Exercise:
No pictures should appear. The lines from the beginning of the listing through the one holding "Load image into" must be reproduced exactly, and nothing more.

Working data:
= = =
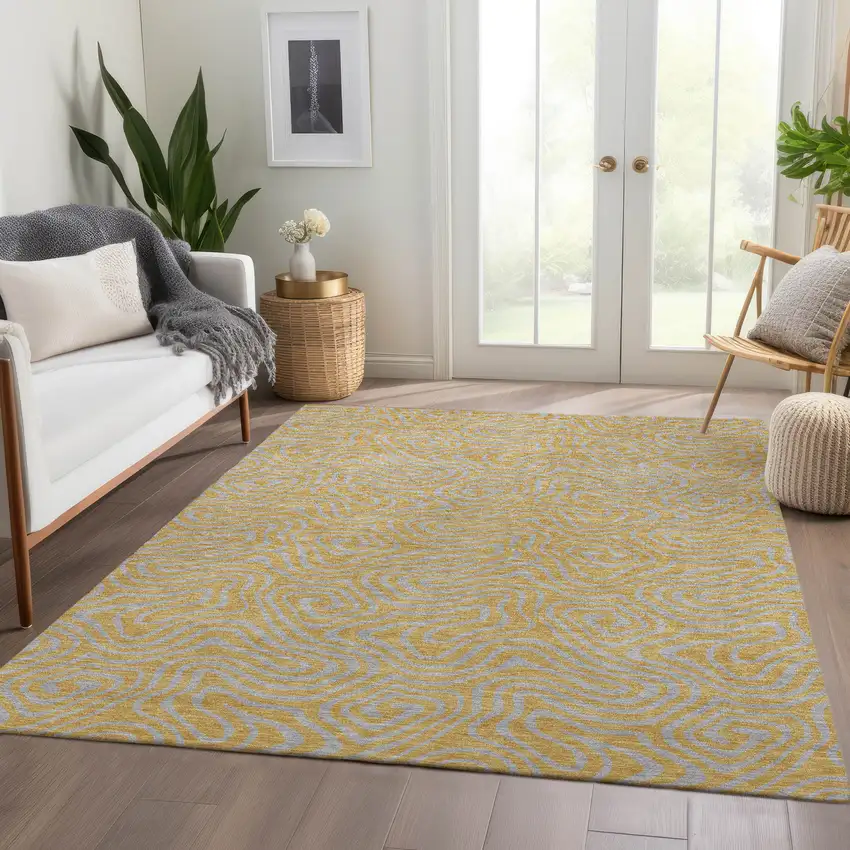 Gold And Ivory Abstract Washable Area Rug With UV Protection Photo 5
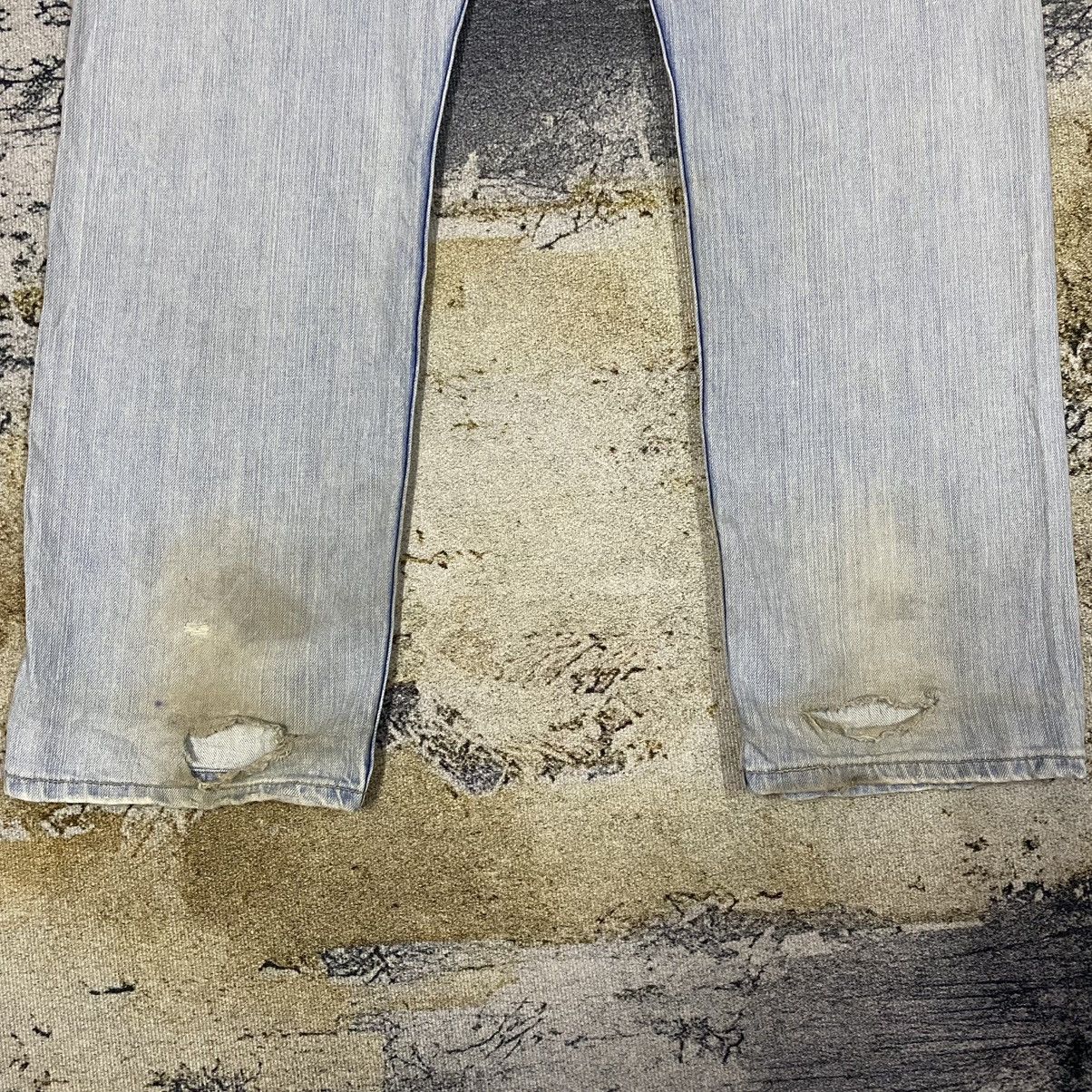 Levi's × Vintage Vintage 90s Levis 505 Regular Fit Faded Blue Distressed Jean Size US 34 / EU 50 - 7 Thumbnail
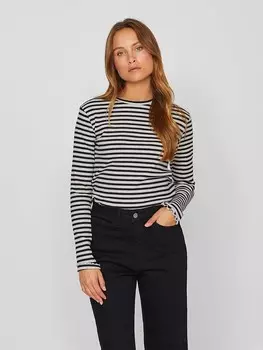 Лонгслив Vila, цвет schwarz/grau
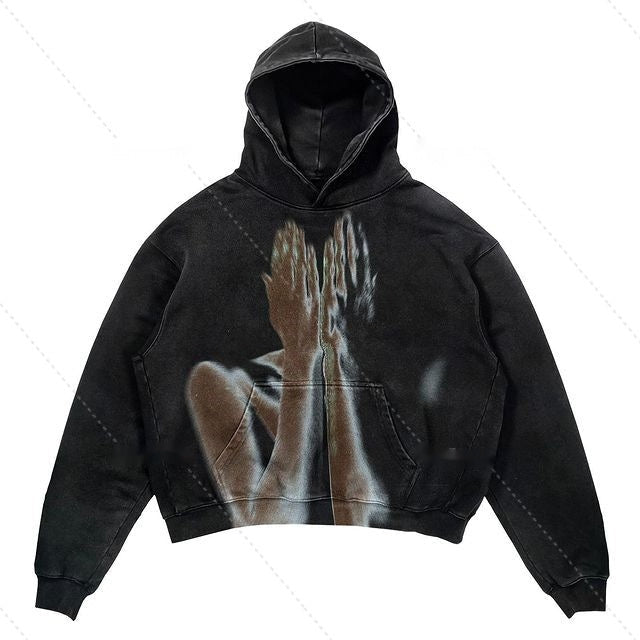 Men's Cropped Pullover Hoodie - Warm Polyester Streetwear-The Yellow Prime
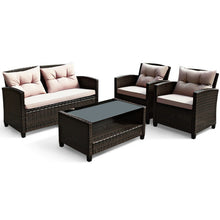 Load image into Gallery viewer, 4 Pieces Outdoor Rattan Armrest Furniture Set Table with Lower Shelf
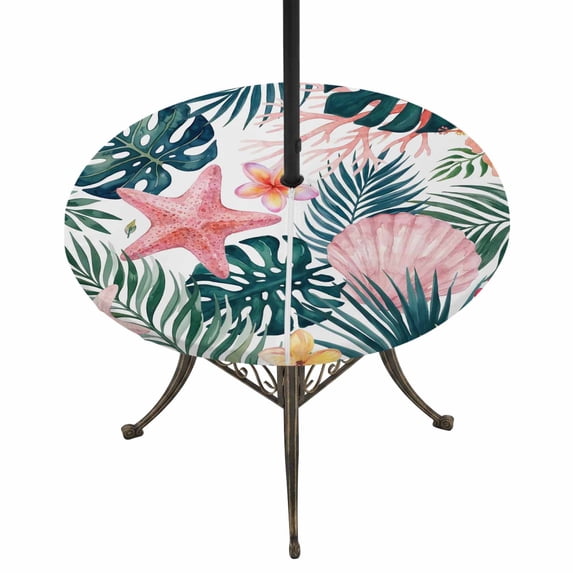 Round Outdoor Tablecloth with Umbrella Hole and Zipper, Summer Coastal Tablecloth with Elastic Waterproof, Beach Palm Leaves Coral Starfish Shell Patio Table Covers for 45" - 54" Picnic Pool Tables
= = =
Task output:
 Gold And Ivory Abstract Washable Area Rug With UV Protection Photo 5
 Levi's × Vintage Vintage 90s Levis 505 Regular Fit Faded Blue Distressed Jean Size US 34 / EU 50 - 7 Thumbnail
 Лонгслив Vila, цвет schwarz/grau
 Men's Cropped Pullover Hoodie - Warm Polyester Streetwear-The Yellow Prime
 Load image into Gallery viewer, 4 Pieces Outdoor Rattan Armrest Furniture Set Table with Lower Shelf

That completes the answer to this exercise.